This feature allows users to access StarFire corrections over the Internet, giving them access to the same reliable five centimeter global positioning accuracy without the need for a base station. Users are now also able to access StarFire corrections even in those situations when satellite delivery might be unavailable, such as deep urban canyons or very high latitude locations.
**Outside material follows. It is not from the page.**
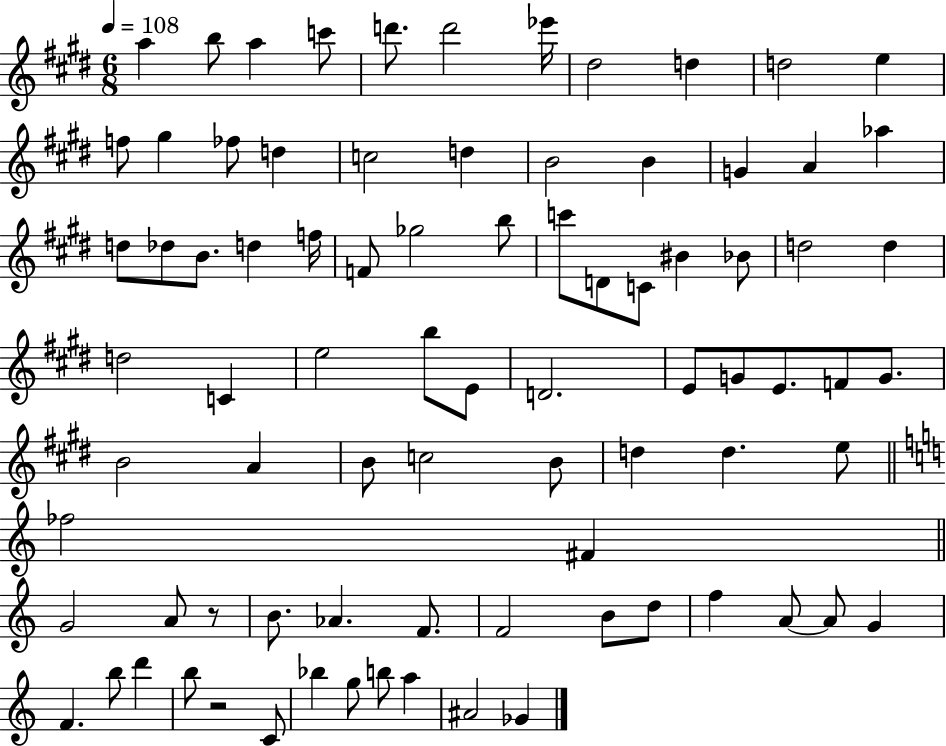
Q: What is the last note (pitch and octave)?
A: Gb4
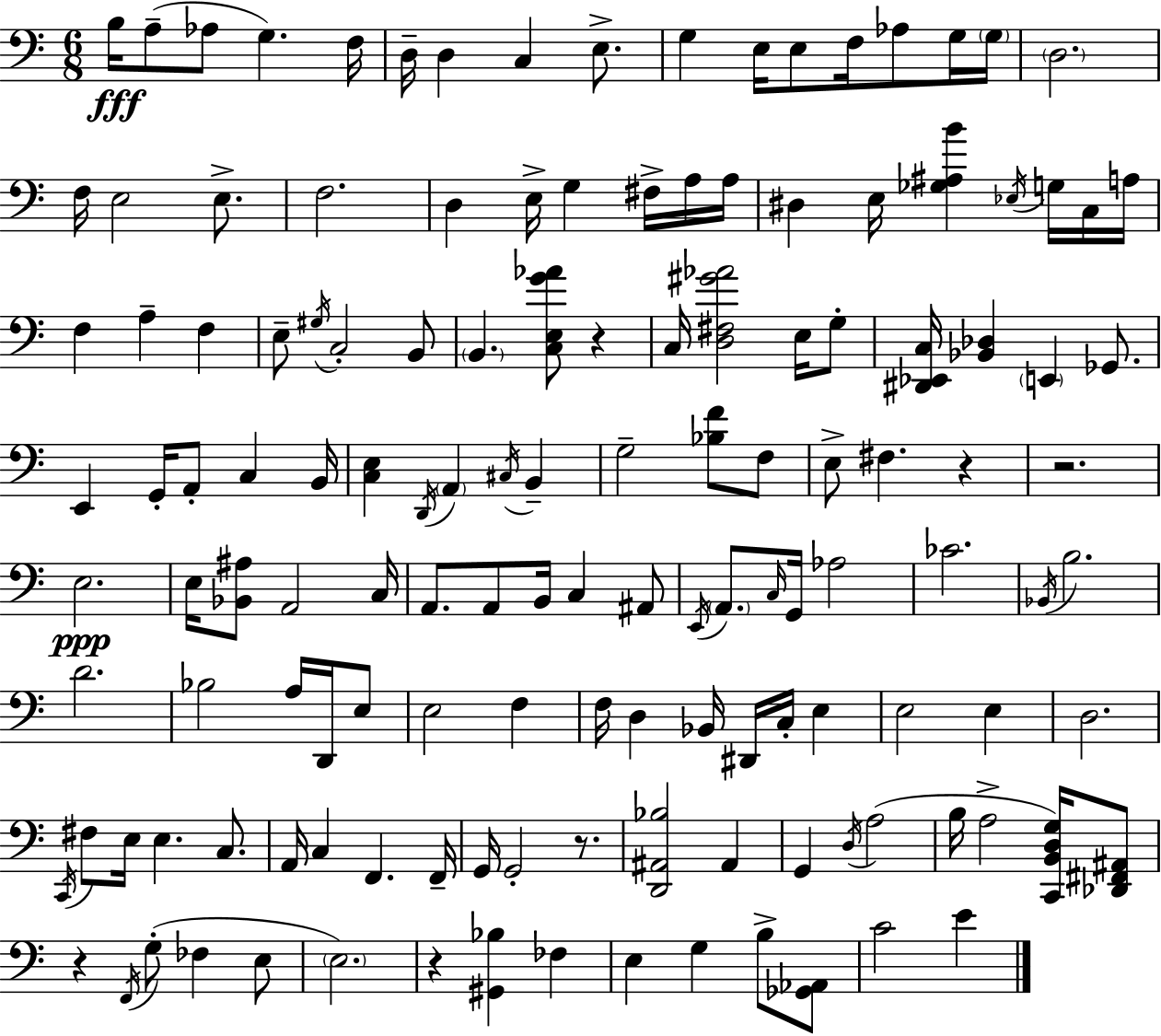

Furthermore, the automatic failover capabilities in our StarFire enabled products allow the user to switch seamlessly from satellite to internet delivery of StarFire service and thereby maintain the maximum possible uptime.
- Not available on Sapphire-integrated systems which do not support an IP interface with Ntrip 2.0 (or later) protocol)
- SF-3040 requires software development by 3rd party
- SF-3040 in a LAND-PAK System requires either NavCom FieldGenius v188.8.131.52 or later, or NavCom SurvCE software (available in early 2013 with this specific feature)
How it works:
The receiver acts as an Ntrip client and initiates an Ntrip session including automatic authentication (no user parameters required).
- Requires the unit be licensed for StarFire operation
- Requires the unit to be optioned for StarFire over IP and StarFire Enabled
- Ntrip mountpoint and IP address is only provided to customers who are activated for this service. This information is provided at the time the software option is provided to the customer or from Customer Support
- NavCom FieldGenius and NavCom SurvCE are preconfigured to connect to the correct IP address
- The method that the GNSS receiver is connected to the internet is the customer’s responsibility. The connection can be made through a 3G modem, VSAT, Iridium, direct connection to the internet, etc. The connection can be made using StarUtil 3000 and the command line interface (Input Terminal). An Application Note is available to detail the mechanics of making the connection.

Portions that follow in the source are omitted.